We saw a case of this during the national team pause, when a widely shared infographic handily stated that Sesko had been judged – by a wide margin – the poorest acquisition of the recent market by a poll of 20 agents. Naturally, the press are by no means alone in such behavior. Team social media, online personalities, anonymous X accounts with a oddly high number of pornbot followers: all parties with a vested interest is now essentially operating along the same principles, an environment deliberately geared for provocation.
The Mental Cost
Endless scrolling and tapping. What is happening to ourselves? Do we realize, on any level, what this endless sluice of irritation is doing to our minds? Quite apart from the inherent strangeness of being a player in the middle of it all, aware on some surreal chain-reaction level that each aspect about them is now basically material, product, public property to be packaged and traded.
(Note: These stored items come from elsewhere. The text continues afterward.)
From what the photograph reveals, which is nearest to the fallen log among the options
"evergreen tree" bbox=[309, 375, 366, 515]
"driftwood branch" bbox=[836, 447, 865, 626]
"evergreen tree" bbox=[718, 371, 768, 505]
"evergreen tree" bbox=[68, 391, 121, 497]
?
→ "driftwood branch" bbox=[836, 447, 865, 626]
Indeed, in part this is because it's Manchester United, the entity that keeps nourishing the narrative, a big club that must constantly be producing the big feelings. But also, in part this is a temporary malaise, a swing of opinion most visibly and harshly glimpsed at this time of year, about a month after the transfer market shut. Throughout the summer we have been desiring footballers, praising them, salivating over them. Now, only a handful of games later, a lot of those very players are already being dismissed as broken goods. Should we start to worry about a new signing? Did Arsenal actually need their striker wise? What was the purpose of Randal Kolo Muani?
A Wider Issue
It seems fitting that he meets Liverpool on the weekend: a team simultaneously on a long unbeaten run at home in the league and somehow in their own state of perceived turmoil, like submitting a a report on a person who popped to the store 30 minutes ago. Defensively suspect. Their star past his prime. The striker an expensive flop. Arne Slot bald.
Perhaps we have not yet quite grasped the way the narrative of football has started to replace football the actual game, to inflect the way we view it, an whole competition repivoted around discussion topics and reaction, something that happens in the background while we scroll through our phones, unable to disconnect from the constant flow of opinions and more takes. It may be this player taking the hit right now. But in a way, we're all losing a part of the experience in this process.